I may be just having a Friday moment but what are the tax implications of leaving a legacy to a grandchildren with an age contingency of 30. There are four grandchildren at present and a period of 23 - 30 years to pass before they attain this age. Clients are aged 59 and 60 at present so there is a chance the grandchildren will not reach this age contingency before their grandparents die. The overall estate is in excess of £2M. Any other general thoughts re this and the implications of leaving such a gift would be appreciated. I was going to suggest that rather than leaving four separate gifts, they put say £200,000 into a discretionary trust instead to provide more flexibility but my understanding is that tax implications would be the same.
As you say, the IHT implications would be the same as for a discretionary trust in that it would be a relevant property trust from the date of death (as opposed to an 18-25 trust which would only be relevant property from the date the beneficiary reaches 18).
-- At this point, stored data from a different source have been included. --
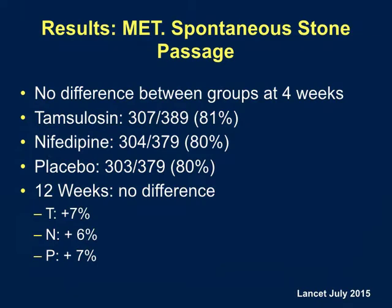Regarding the primary outcome: an audience member raised whether not needing further intervention is an appropriate surrogate for stone passage. The problem is that patients commonly report no pain but stones remain on imaging — compensatory mechanisms allow the kidney to adapt to obstruction. The study authors addressed why they didn't perform radiographic investigations at four weeks, explaining this in the paper's commentary.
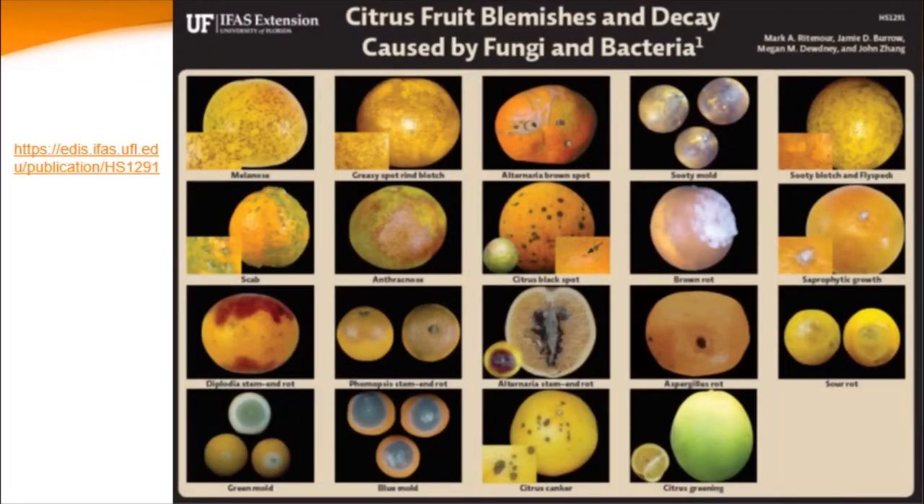This is a poster that we put together, available on the EDIS website at the URL shown there. It's showing different fruit blemishes and decays caused by fungi and bacteria. Not all of these cause decay — something like melanose or greasy spot are more blemishes, not decay. Among the decays, at the bottom left you can see two different types of green mold — Penicillium digitatum and P. italicum — and also sour rot, which is Geotrichum. These are wound pathogens that really get in through wounds and need some sort of injury. Worldwide, Penicillium is the worst decay-causing organism for fresh citrus.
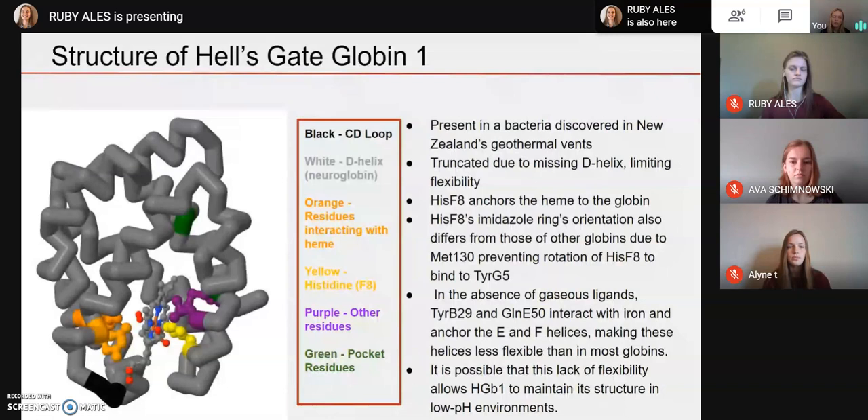Moving on to the structure of Hell's Gate Globin 1: it is a globin present in a bacteria discovered in New Zealand's geothermal vents. It is truncated due to its missing D helix, which limits its flexibility, in contrast to the very flexible neuroglobin. It has a histidine F8 that anchors the heme to the globin, shown in yellow, and its imidazole ring orientation differs from other globins due to methionine 130 preventing the rotation of this histidine to bind to tyrosine G5. In the absence of gaseous ligands, tyrosine B29 and glutamine E50 interact with iron and anchor the E and F helices, making these helices less flexible than in most globins. This lack of flexibility may allow Hell's Gate Globin 1 to maintain its structure in low pH environments such as New Zealand's geothermal vents.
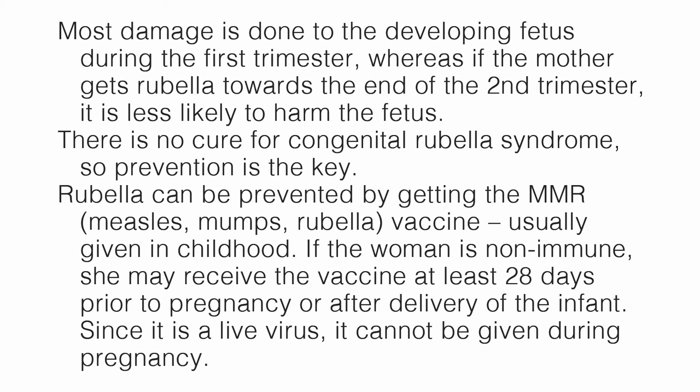Most damage is done to the developing fetus during the first trimester, whereas if the mother gets rubella towards the end of the second trimester, it is less likely to harm the fetus. There is no cure for congenital rubella syndrome, so prevention is key. Rubella can be prevented by getting the MMR — measles, mumps, rubella — vaccine, usually given in childhood. If the woman is not immune, she may receive the vaccine at least 28 days prior to the pregnancy or after delivery. Since it is a live virus, it cannot be given during pregnancy.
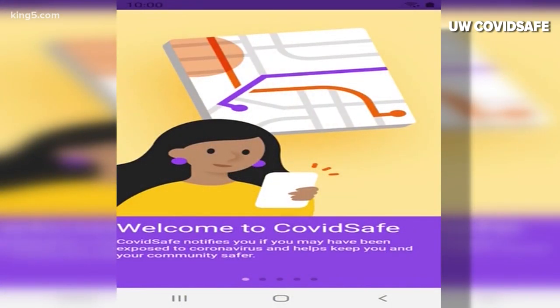King 5's Callie Greenberg standing by live this morning at UW with details. Good morning. So we're hearing a lot of terms when it comes to reopening the economy — one being widespread testing, the second being contact tracing. This app is designed to help with that, to alert people who may have had contact with someone who tests positive for coronavirus. The app is called COVIDSafe.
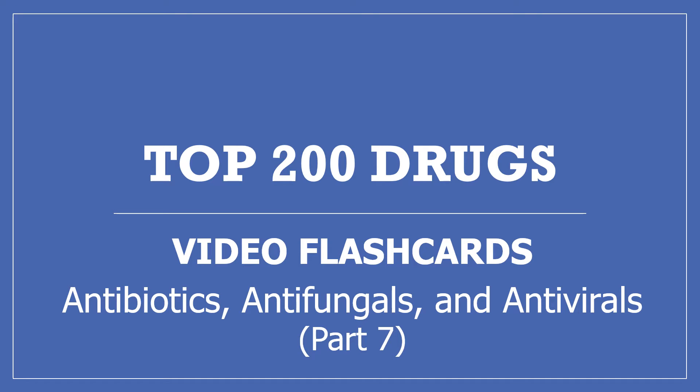Hi, my name is Amanda and I'm a pharmacist. This is part 7 of my top 200 drugs video flashcards: antibiotics, antifungals, and antivirals. If you find this video useful, please press the like button, subscribe to my channel, and share it with others who may find it helpful too. Thanks, I really appreciate it.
Alternatively, the grandchildren could be given an immediate life interest. The Trusts ould then be IPDIs.
Simon Northcott
How would that benefit the grandchildren as the idea is that they do not benefit until they are 30. If it was an IPDI, wouldn’t they be entitled to the income immediately regardless of their age and not entitled to the capital unless the trustees are given power to advance it?
Thanks
There would be no 10 IHT charges on the payment if capital and income would not be subject to the trust rate of tax.